• _DATA SHOWN_
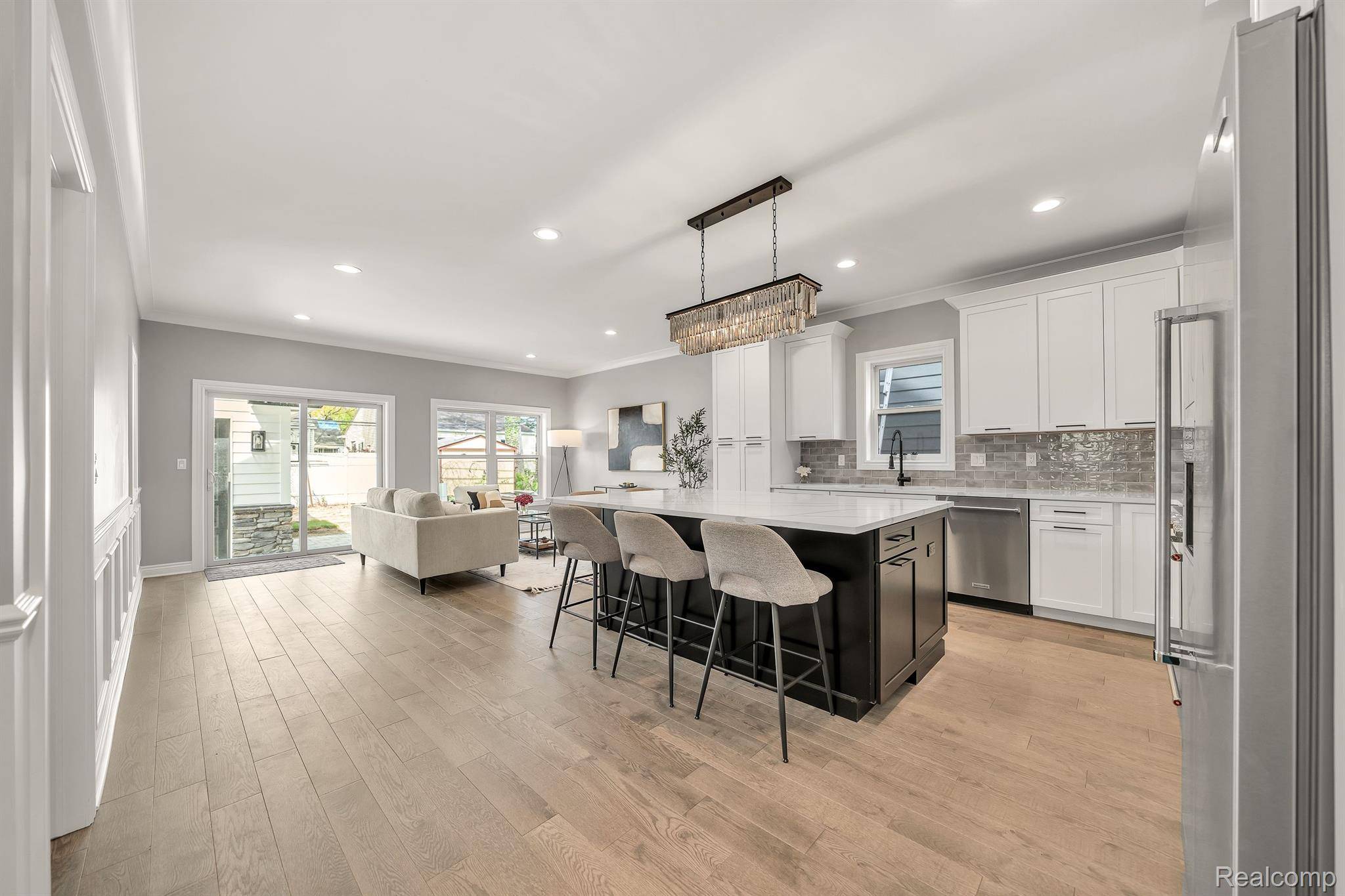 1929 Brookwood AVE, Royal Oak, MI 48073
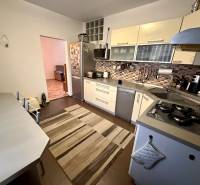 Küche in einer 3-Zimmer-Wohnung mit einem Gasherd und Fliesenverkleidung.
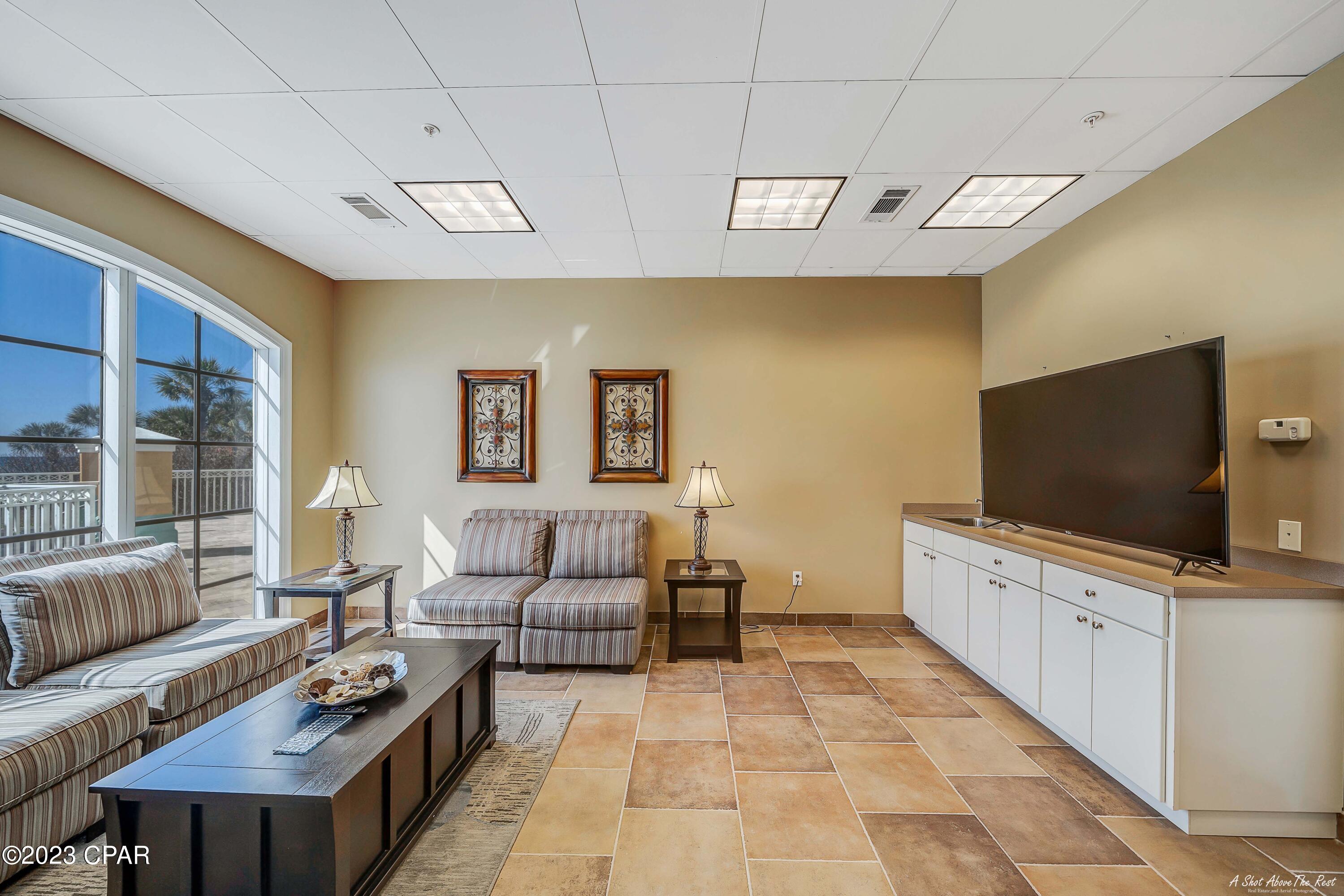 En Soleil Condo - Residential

...

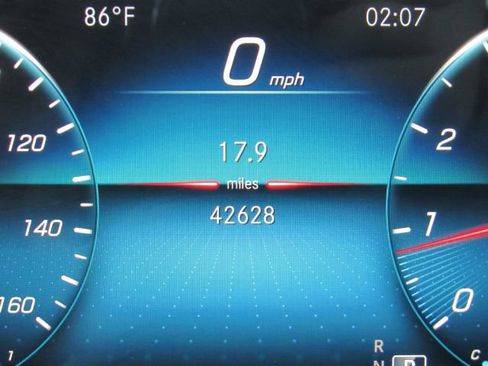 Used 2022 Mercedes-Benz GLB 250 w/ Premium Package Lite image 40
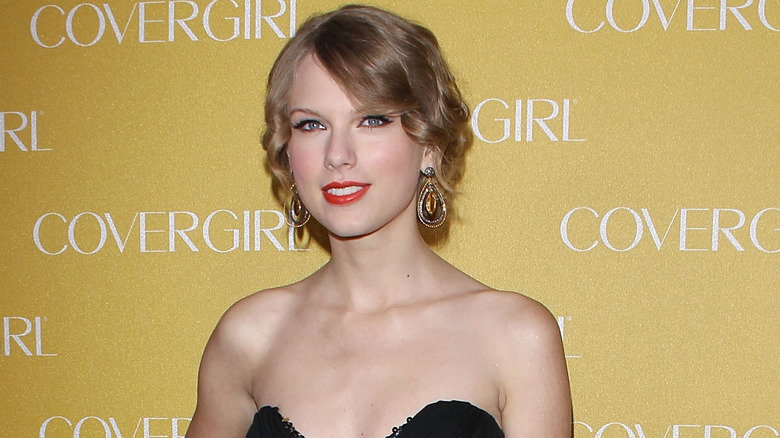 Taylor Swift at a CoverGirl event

• _ASSIGNMENT_
Output exactly the lines above that lie between the line with "Küche in einer" and the line with "En Soleil Condo - Residential", those two lines included, and no pictures.

• _EXERCISE RESULT_
 Küche in einer 3-Zimmer-Wohnung mit einem Gasherd und Fliesenverkleidung.
 En Soleil Condo - Residential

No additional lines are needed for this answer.